Gıda zehirlenmesi belirtilerinin hafif olabileceği gibi, bazı durumlarda tıbbi müdahale gerektirecek düzeyde olabileceğine ve risk gruplarında belirtilerin daha hızlı ortaya çıkarak şiddetli seyredebileceğine dikkat çeken Uzm. Dr. Demirci, en sık rastlanan belirtileri şöyle sıraladı:
“- Bulantı - kusma,
- İshal,
- Karın ağrısı - kramp,
- Halsizlik ve baş dönmesi,
- Ateş,
- İştahsızlık,
- Dehidratasyon bulguları (Ağız kuruluğu, susuzluk hissi).”
NEDENLERİ
Uzm. Dr. Demirci, gıda zehirlenmelerinin ortaya çıkmasında en sık karşılaşılan nedenleri şu şekilde özetledi:
“- Yeterli ısıda pişirilmemiş et, tavuk ve yumurta ürünleri.
- Soğuk zinciri bozulmuş veya uygun koşullarda saklanmamış süt ve süt ürünleri.
- Yeterince temizlenmemiş sebze ve meyveler.
- Hijyen kurallarına uyulmadan hazırlanan veya servis edilen besinler.
- Pişmiş yemeklerin uzun süre oda sıcaklığında bekletilmesi.”
Bu faktörlerin, mikroorganizmaların çoğalmasına ve besinlerin tüketim açısından riskli hale gelmesine neden olabileceğini kaydeden Uzm. Diyetisyen Demirci, şöyle devam etti:
“Özellikle çocuklar, yaşlı bireyler, hamileler ve kronik hastalığı bulunan kişiler gıda kaynaklı enfeksiyonlara karşı daha hassastırlar. Sağlıklı beslenmenin temelini oluşturan gıda güvenliği yalnızca üretim ve dağıtım süreçleriyle sınırlı olmayıp, ev ortamındaki mutfak uygulamaları da belirleyici rol oynamaktadır.”

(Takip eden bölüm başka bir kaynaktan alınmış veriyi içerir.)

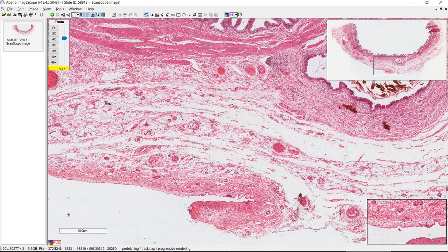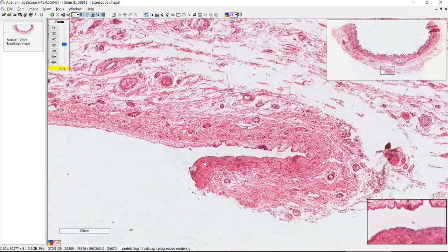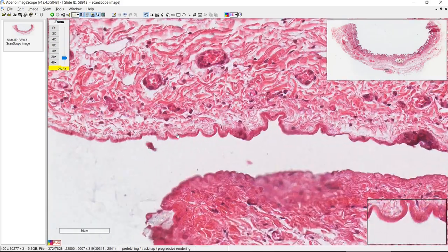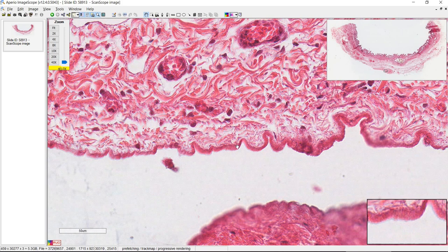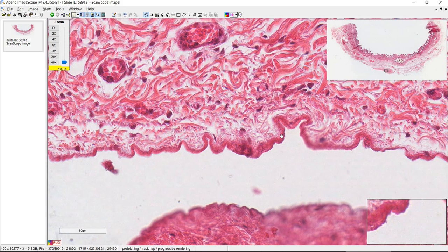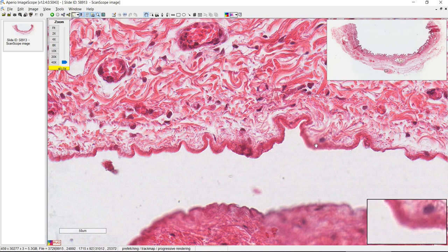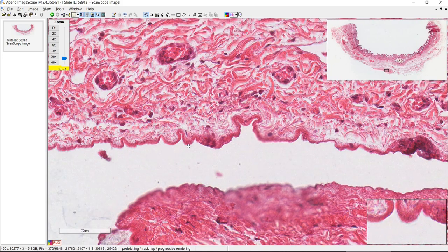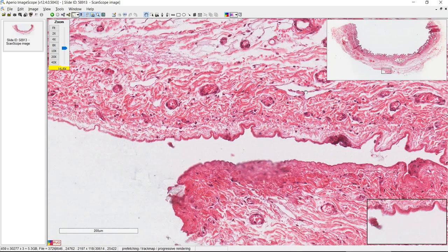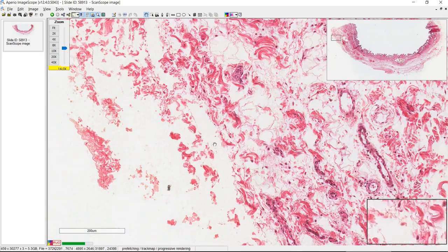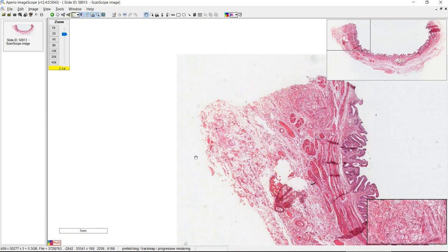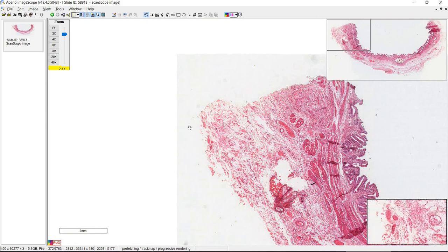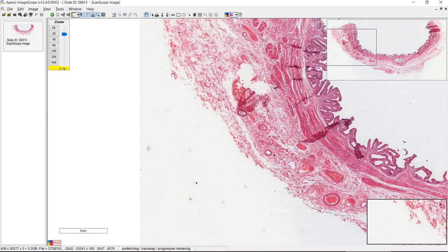Here you can see this is all serosa, and you can tell because if you look closer at the end of it, you can see a well-defined mesothelium. You don't really see the nuclei too well here, but this is a simple squamous epithelium that marks the end of the organ. Compare that to the area where it's ripped off — that might be an adventitia where it's adhering to the liver.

GIDA GÜVENLİĞİNİ SAĞLAMAK İÇİN TEMEL ÖNLEMLER
“Evde uygulayabilecek basit ancak etkili önlemlerle gıda zehirlenmeleri büyük ölçüde önlenebilir” diyen Uzm. Diyetisyen Demirci, bu önlemlerle ilgili şu bilgileri paylaştı:
“- El hijyeni sağlanmalıdır: Yemek hazırlığı öncesinde ve sonrasında, çiğ gıdalarla temasın ardından en az 20 saniye eller sabun ve su ile yıkanmalıdır.
- Çiğ ve pişmiş besinler ayrılmalıdır: Çiğ et, balık ve tavuk ürünleri diğer gıdalarla temas etmeyecek şekilde muhafaza edilmeli; mümkünse ayrı kesme tahtaları ve ekipmanlar kullanılmalıdır.
- Yeterli pişirme uygulanmalıdır: Özellikle hayvansal kaynaklı besinlerde iç sıcaklığın güvenli düzeye ulaşması sağlanmalıdır.
- Uygun saklama koşulları sağlanmalıdır: Pişmiş yemekler oda sıcaklığında en fazla 2 saat bekletilmeli, uygun kaplarda buzdolabında saklanmalıdır.
- Sebze ve meyve temizliği ihmal edilmemelidir: Akan suda bol suyla yıkanmalı, gerek görüldüğünde uygun dezenfeksiyon yöntemleri kullanılmalıdır.”
Gıda zehirlenmelerinin büyük bir bölümünün doğru hijyen uygulamaları, uygun pişirme teknikleri ve doğru saklama koşulları ile önlenebileceğini anımsatan Uzm. Diyetisyen Demirci, “Gıda güvenliği bilincinin kazandırılması, bireysel sağlığın korunmasının yanı sıra toplum sağlığının sürdürülebilirliği açısından da temel bir gerekliliktir” diye konuştu.